SANTANA DO CARIRI, COMO FOI A "GUERRA DOS CORONÉIS!, TERROR E CARNIFICINA NO CARIRI
Hoje é calma e orgulho, mas já foram batalhas de morte. Homens no
tempo dos mosquetões em punho e pólvora socada no cano da arma. Fardões
contra o gibão. Rastro de sangue, crueldade, dor e medo. População
saqueada e afugentada pelas investidas dos bandos de cangaceiros a
cavalo com suas espingardas e facões, gritando para matar ou morrer. Do
outro lado, entrincheiradas, tropas de capangas firmando rifles, facas,
punhais e o que pudessem usar para proteger seus patrões e a cidade.

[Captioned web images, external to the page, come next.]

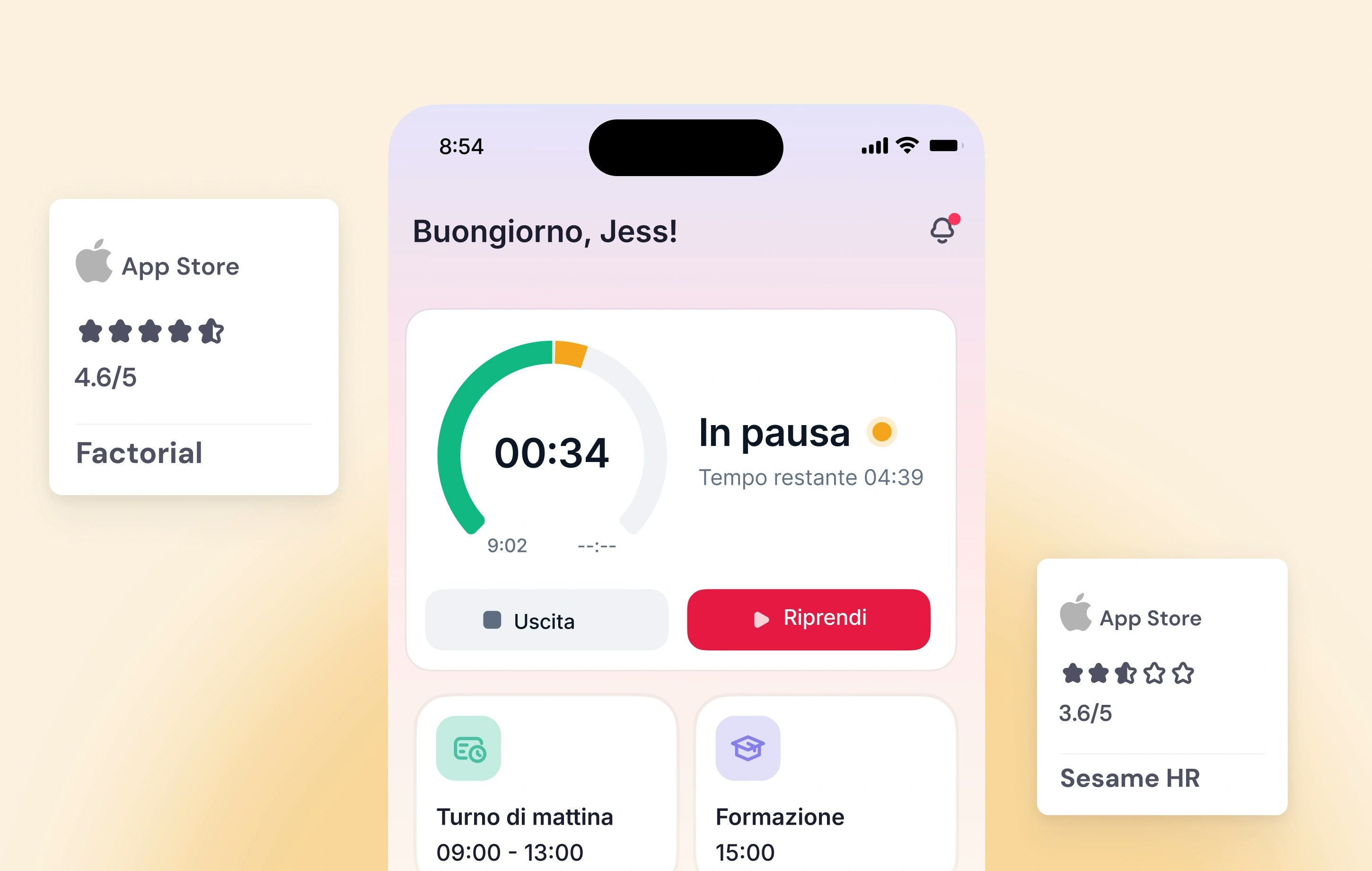 factorial vs sesame hr Confronto di recensioni tra l'App di Factorial e quella di Sesame HR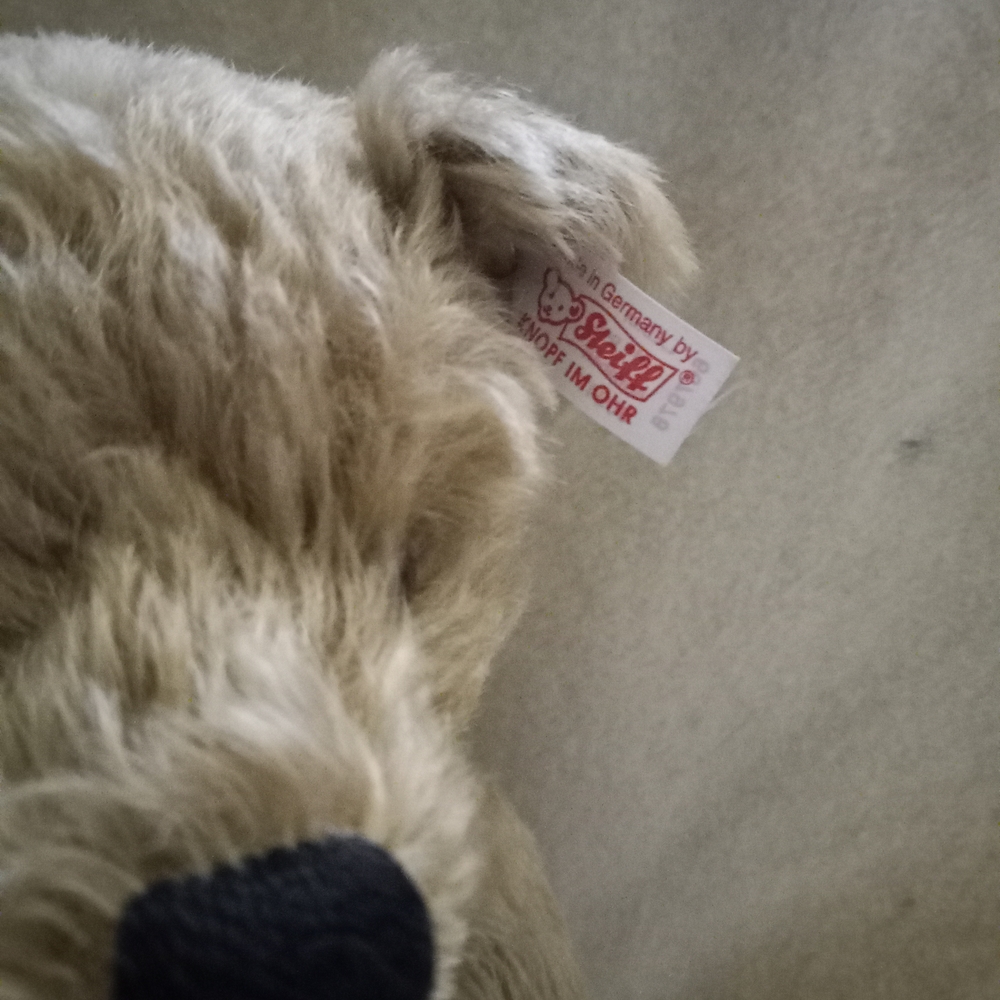 Steiff Cream Teddy Bear Authentic Tagged; Numbered - Picture 8 of 8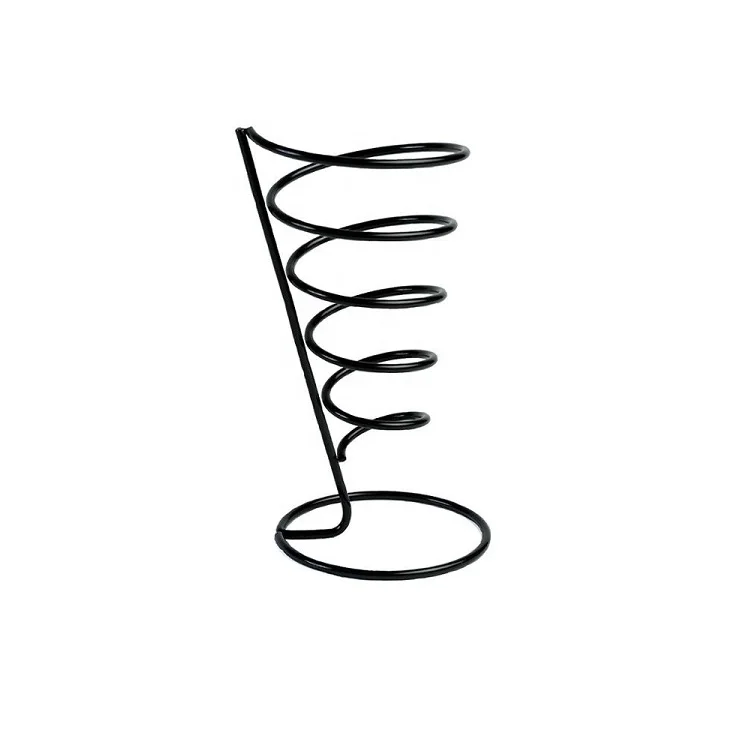 Black Iron Ice Cream Cone Holder Stand  Display Snow Cones Sushi Hand Rolls Popcorn Candy French Fries Sweets Savory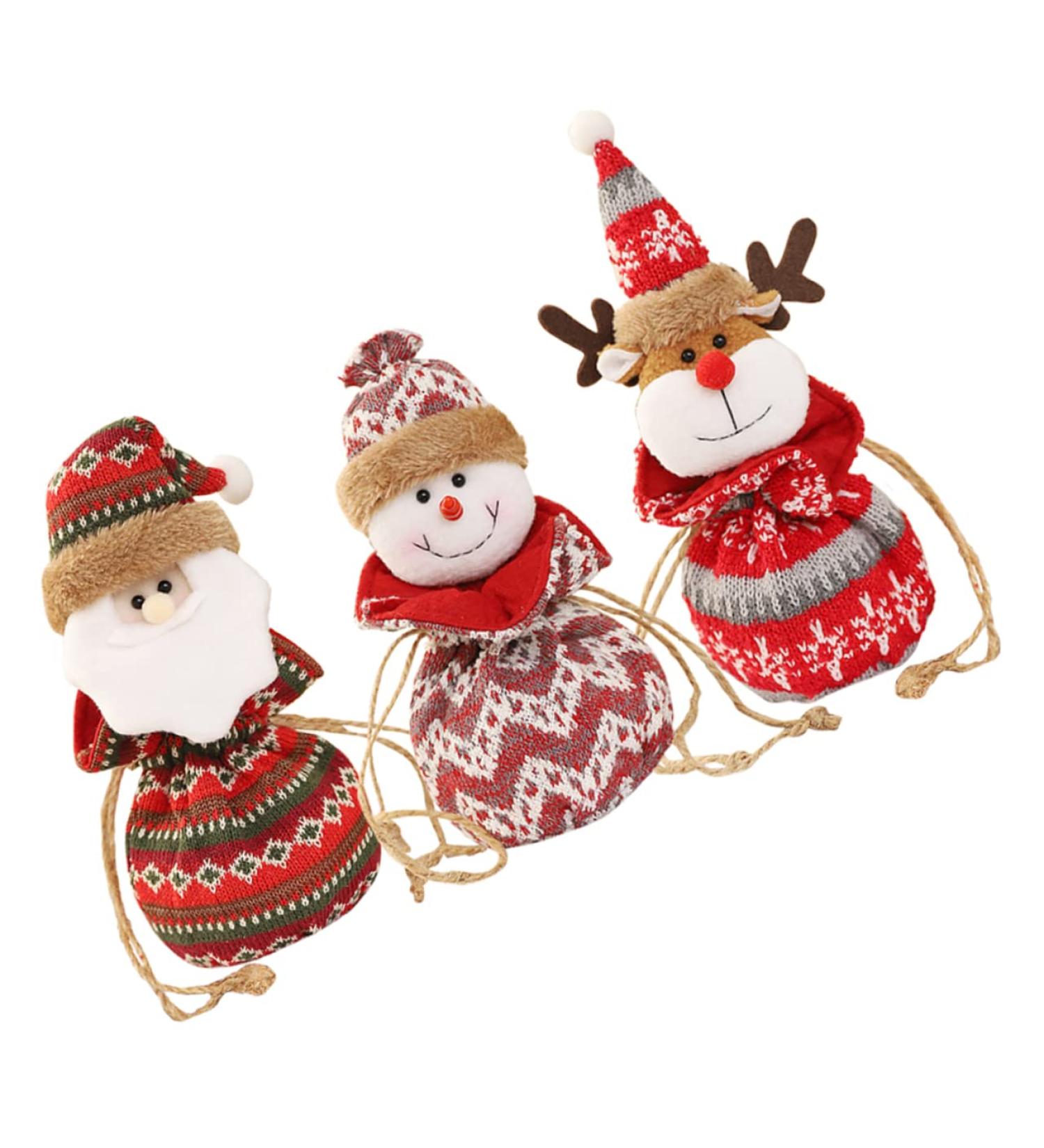 Healvian 3pcs Apple Bag Candy Bag Kids Candy Holiday Bag Christmas Wrapping Bag Storage Rack Snack - Buy Online on GoSupps.com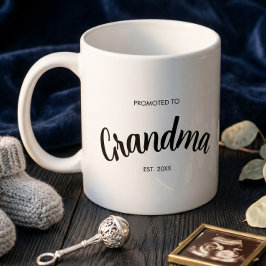 Caneca De Café Promovida Para Avó Estabelecido Ano Personalizado 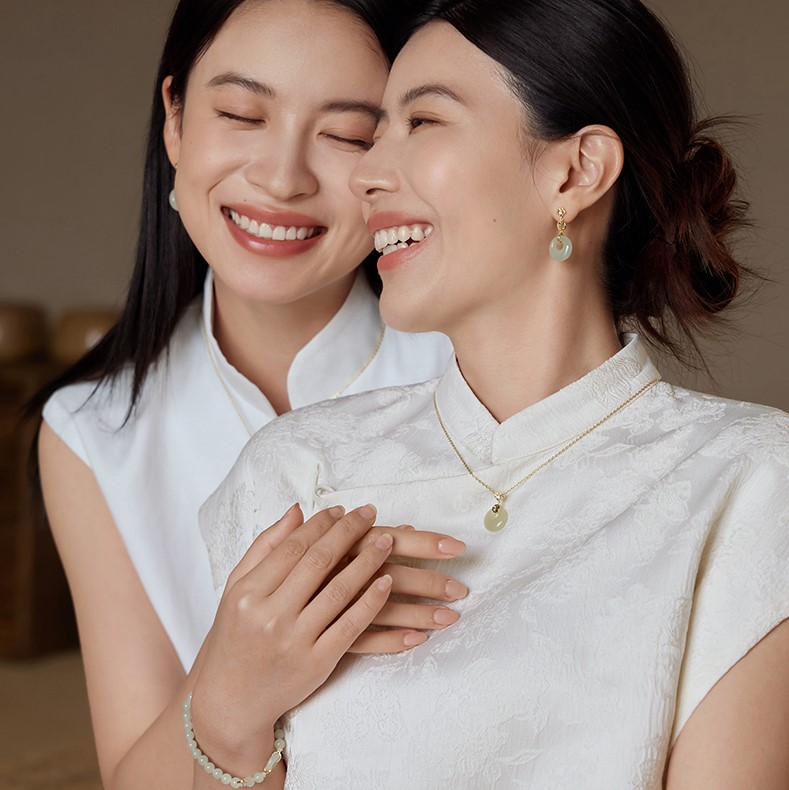 福氣平安扣和田玉項錬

Dentro de uma motivação particular de somente dois senhores. Pavor em
dias de "fogo" (era como chamavam os ataques) que datam apenas de 1920.
Agora
tudo é apenas gente pacata, lugar sombreado, silencioso, paz e beleza
ao sopé ocidental da Chapada do Araripe. A espada contra a bala da
chamada Guerra dos Coronéis é um conto muito recente da história de
Santana do Cariri. Os livros e a oralidade ainda começam a recontar essa
passagem. Foram quase dez anos de luta armada. A disputa do senhorio
local para ter a posse da Intendência do município - ainda nem havia
prefeitura.
Mesmo a guerra pode ser contada como um grande
momento da história de uma gente. De um tempo seguinte que ajudou a
desenvolver o lugar e o sentimento de pertença. Diz-se que o major
Manoel Alexandre Gomes, que mandava feito coronel, queria a todo custo
ser intendente de Santana. Tinha como aliado de batalhas um irmão do
temido Lampião. Valia tudo para destituir do cargo o coronel Felinto da
Cruz Neves, que morava na Casa Grande, no centro da cidade, e era homem
respeitado.
Parecia não ser só ambição e poder político o
interesse pela coisa. Falam que tudo começou por pequenas rixas,
desentendimentos entre o pessoal do major Manoel, que morava no sítio
Ipiranga, e gente de Santana protegida do coronel Felinto. E contam
também de uma mesquinhez. A peleja teria sido lançada ainda mais cedo,
em 1911. Quando o governador do Ceará visitou o casarão
recém-inaugurado, que saíra dali fascinado de um banquete, regado a
vinho português e carne de faisão no prato principal. A notícia de que
ninguém da região daria tamanha acolhida se espalhou e teria gerado ódio
e ciúme nas fuças do major. Foi a gota.
Depois disso, morreram
muitos. O historiador Raimundo Sandro Cidrão, morador de Santana, relata
que até o último fogo, em janeiro de 1927, esquartejavam, degolavam,
acuavam. Grávidas davam à luz no terror, o "couro das costas" era
arrancado, o crânio partido a marreta, carne humana dada aos cães, valas
comuns para os adversários ou mesmo para os amigos mortos não mais
reconhecidos depois da carnificina. Até imagens sacras eram crivadas de
balas.
Manoel nunca assumiu o poder de Santana. Porém, quando
tudo já parecia acalmado da guerra dos dois, mandou matar Felinto
traiçoeiramente. Na tarde de 29 de março de 1936, dia de eleições
municipais, quando o coronel tentaria sua sexta indicação ao comando da
cidade. O mandante do crime saiu fugido, desistiu da matança e foi morar
em Juazeiro do Norte, onde morreu anos depois de morte natural. Mas lá
imperava "a lei do mais forte", o poder na marra. E tudo isso foi só há
algumas décadas.
Ao passar por Santana do Cariri hoje, não dá
para imaginar a cidade sob aquela brutalidade. O casarão neoclássico do
coronel Felinto Cruz é o principal símbolo daquele tempo, preservado e
transformado num museu que agora descreve parte desse passado. Santana
nem era povoada até meados do século XVIII. Era terra de andança dos
buxixés, índios nômades que se abancavam perto do rio Cariús. Já foi
Santana do Brejo Grande, Santana do Araripe, Santana do Cariry (antes
com y no final), Santanópole e voltou ao nome Santana do Cariri.